Brazil, China and India should participate more in the international donor system if the problem of global hunger is to be adequately addressed, according to the head of the US-based International Food Policy Research Institute (IFPRI).
The number of hungry people continues to increase, said Shenggen Fan, speaking to SciDev.Net on the eve of the G8 Summit of world leaders — to be held in Canada tomorrow (25 June) — which will be followed by the G20 summit of the world's major economies.
Fan said new players are needed in global development for food security — including emerging economies, philanthropists and industry — to enable concerted action.
"The traditional donors — the US Agency for International Development, the [UK-based] Department for International Development, and the World Bank — need to include the Brazilians, Chinese and Indians in dialogue."

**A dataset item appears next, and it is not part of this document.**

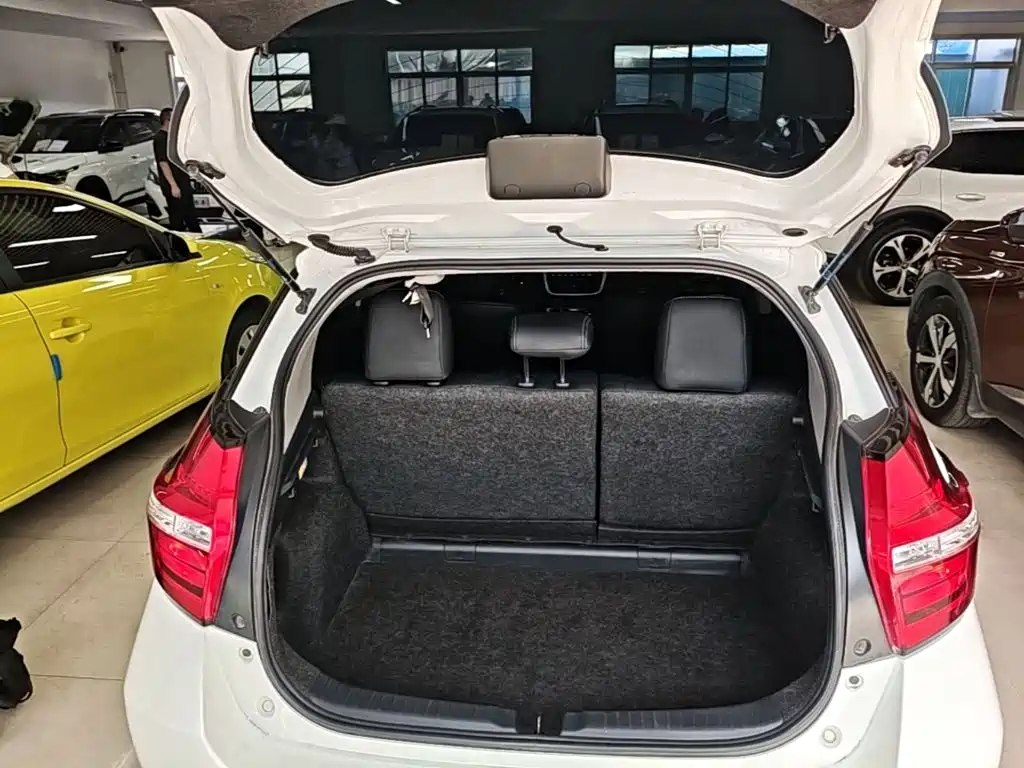 Toyota Yaris L — фото 14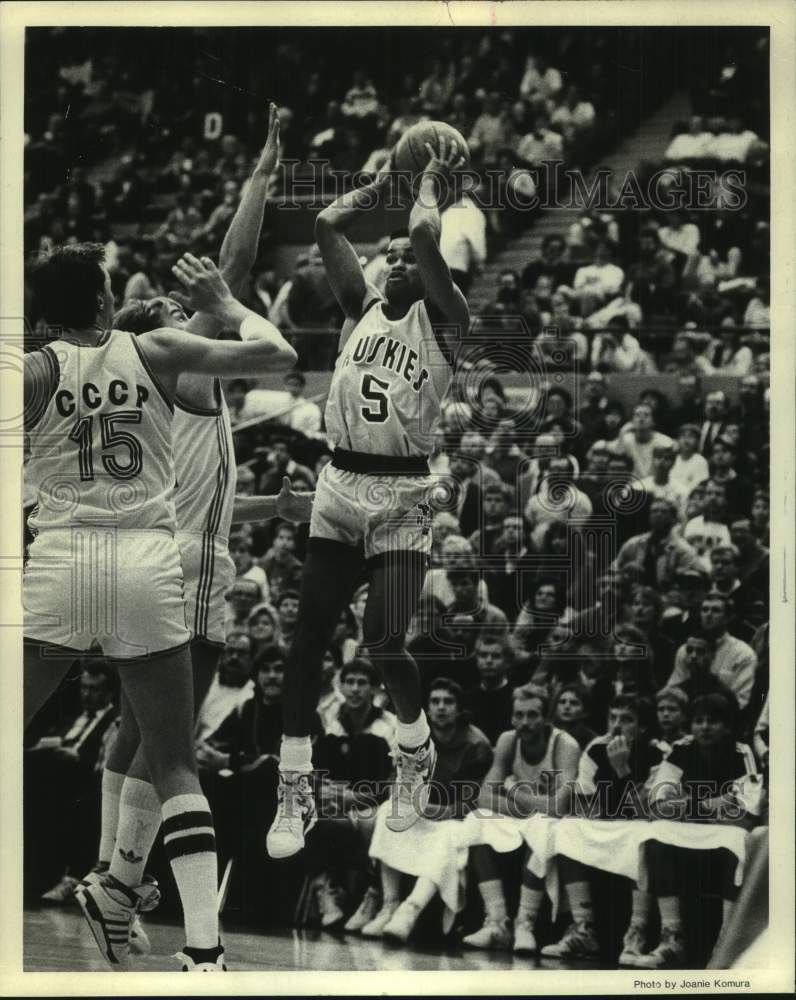 1989 Press Photo Washington Huskies basketball player Eldridge Recasner shoots- Historic Images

These three countries are increasingly funding agriculture and providing technical expertise to other developing countries, and have a wealth of experience in grappling with food security, Fan said.
For example, China's overall aid to Africa is estimated to have almost quadrupled from US$684 million in 2001 to US$2.5 billion in 2009 according to 'Halving Hunger', a report launched by IFPRI yesterday.
But although some work has been done, for example, within the G20, to include Brazil, China and India, "these are baby steps — there is still a long way to go".
Fan acknowledged that recent acquisitions of land — particularly in Africa — by countries such as China, India and the Gulf states in order to export cheap food for their own populations, had raised suspicions about their intentions.
The solution is better coordination with international players, and more transparency.
"We do need a code of conduct to guide investment in Africa ... to ensure that recipients of investments should not suffer from food security issues," he said.
But there is no code because of a lack of political will "on a global level".
"I personally think these countries' investment in Africa and Latin America can benefit [everyone] so that it is win-win," he said.
Fan also called on philanthropic organisations to be "fully integrated in the global food security agenda".
He said he was referring in particular to the Bill and Melinda Gates Foundation, which has been active in international agricultural research. "They should be more prominent on the G8 platform. They take risks, they innovate and they do things differently [from governments]."
Halving Hunger warns that food security is slipping down the G20 agenda.
"Five years after G8 leaders promised at Gleneagles to increase development assistance, and one year after they promised to advance global food security at their summit in L'Aquila, the number of poor and hungry people is increasing," the report says.